Remember when you were a kid, and bubbles were the most amazing things? Every day was a new torrent of wondrous experiences, tastes, sensations, adventures. No wonder they never want to go to bed. Life is just too exciting! Children know what it is to stand in awe of creation (not just the big stuff, like Niagra Falls, but the little stuff, too, like bugs and zippers and puddles and mulch and yes, bubbles); their capacity to be amazed hasn’t been dulled by competence and information.
We adults have a harder time at wonder, because we are competent, we are informed. It would seem we are doomed to a life of bland functionality and mathematical predictability. The answer is not to become stupid and inept, but to re-discover wonder without becoming incompetent or ignorant.
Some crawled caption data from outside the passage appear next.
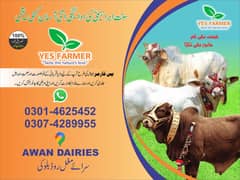 SALE OF BEAUTIFUL N HEALTHY DONDY WACHY FOR QURBANI 2024 0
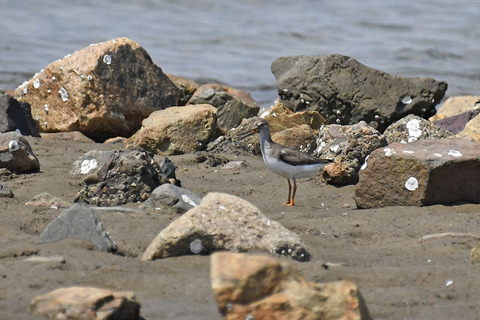 DSC_0754.jpg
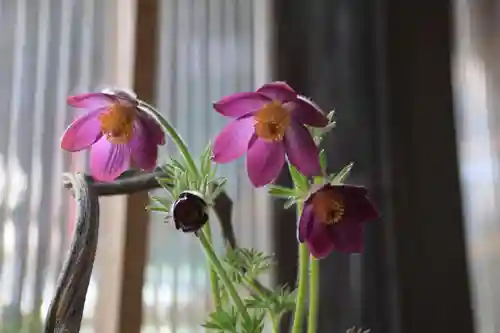 高司神社〜むすびの神の鎮まる社〜の自然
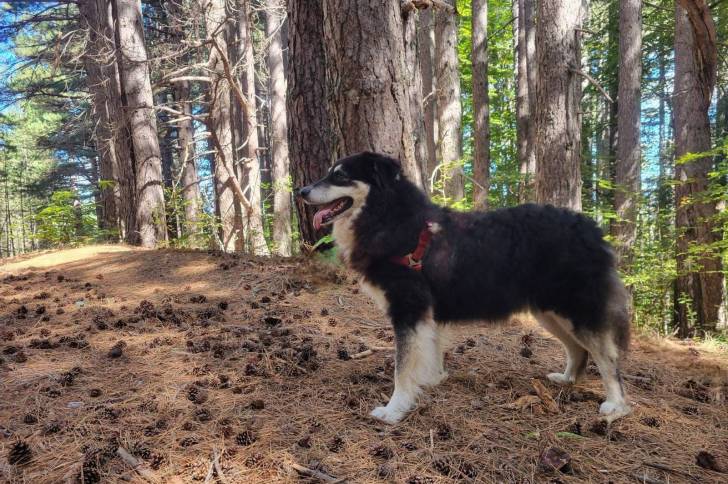 Un Pastore della Sila dans une forêt tirant  la langue  et portant un harnais 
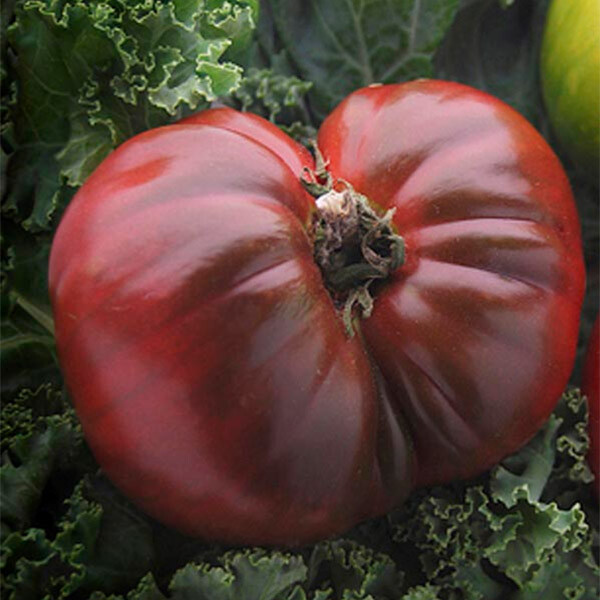 Black Krim Tomato Seeds | Non-GMO | Free Shipping | Seed Store | 1034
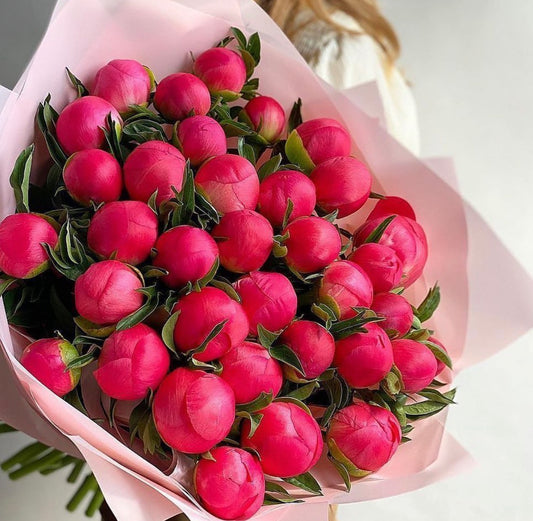 Bouquet of 35 Coral peonies
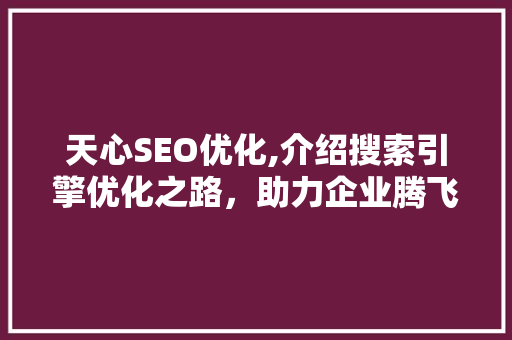 天心SEO优化,介绍搜索引擎优化之路，助力企业腾飞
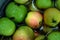 The first juicy small green apples with red, yellow, dark spots float in clear water.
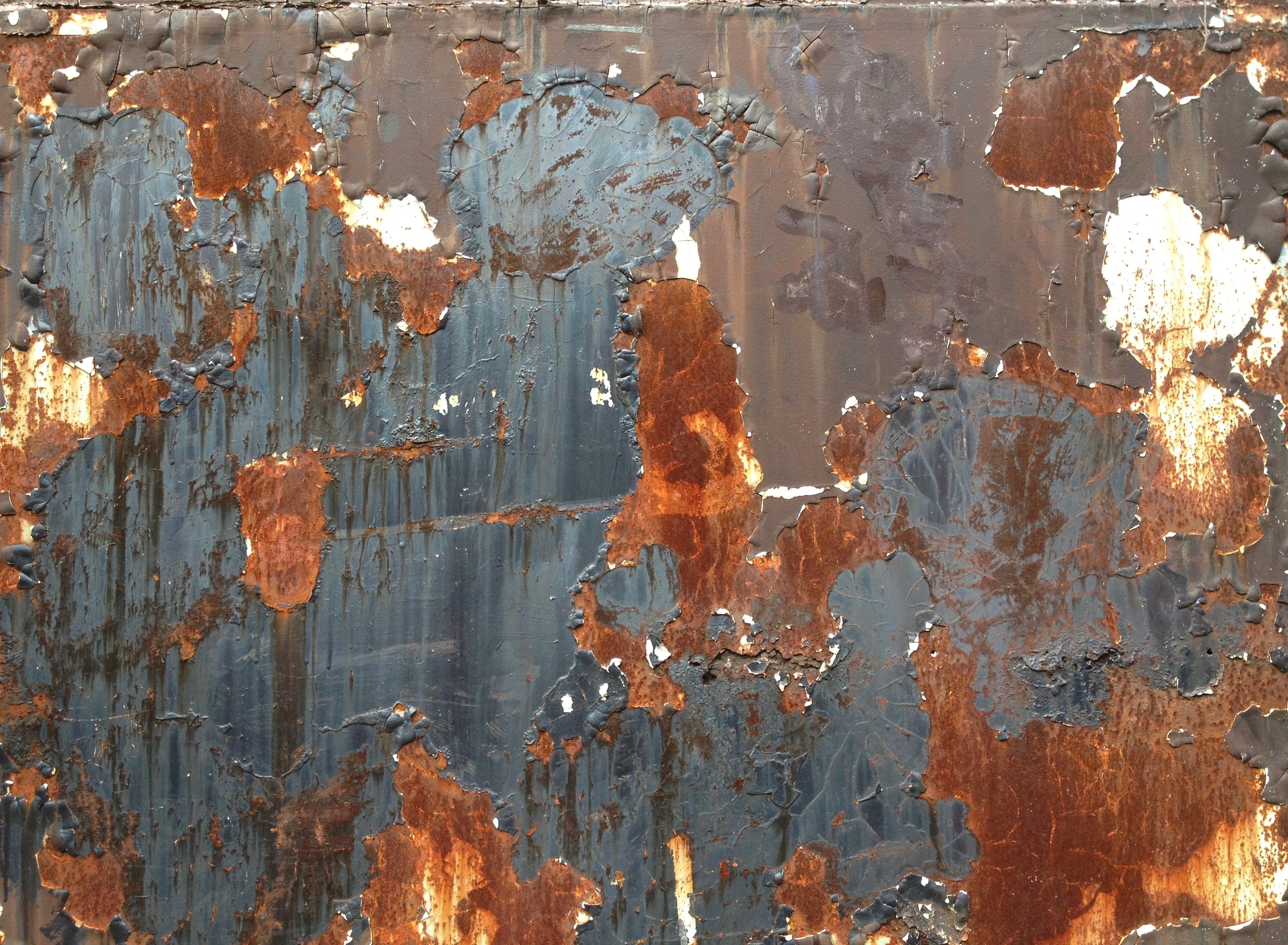 WabiSabi is Evolution; Evolution is WabiSabi TRANSNOMADICA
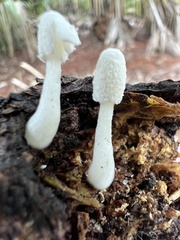 Leucocoprinus cretaceus image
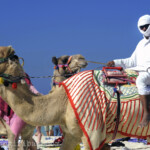 Kameltreiber am Strand in Dubai Marina am 31.12.2010.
But perhaps there is something wrong with us if we cannot find a way to be stunned anymore. Maybe if we don’t know how to marvel, we are in fact incompetent, dysfunctional. If we cannot be amazed, then perhaps we are in fact ignorant, not seeing what the child sees when she squeals with delight at a floating bubble.
Perhaps we could learn a thing or two from a precocious two-year-old.
(photo by chris)
Maybe that’s why Jesus commands us to become like children. There’s something to the vulnerability in a child. They’re trusting, loving, giving and look at the world with awe.
What a lovely post…definitly some thoughts to chew on, reflect on, etc. And it’s a fantastic picture.
Bubbles!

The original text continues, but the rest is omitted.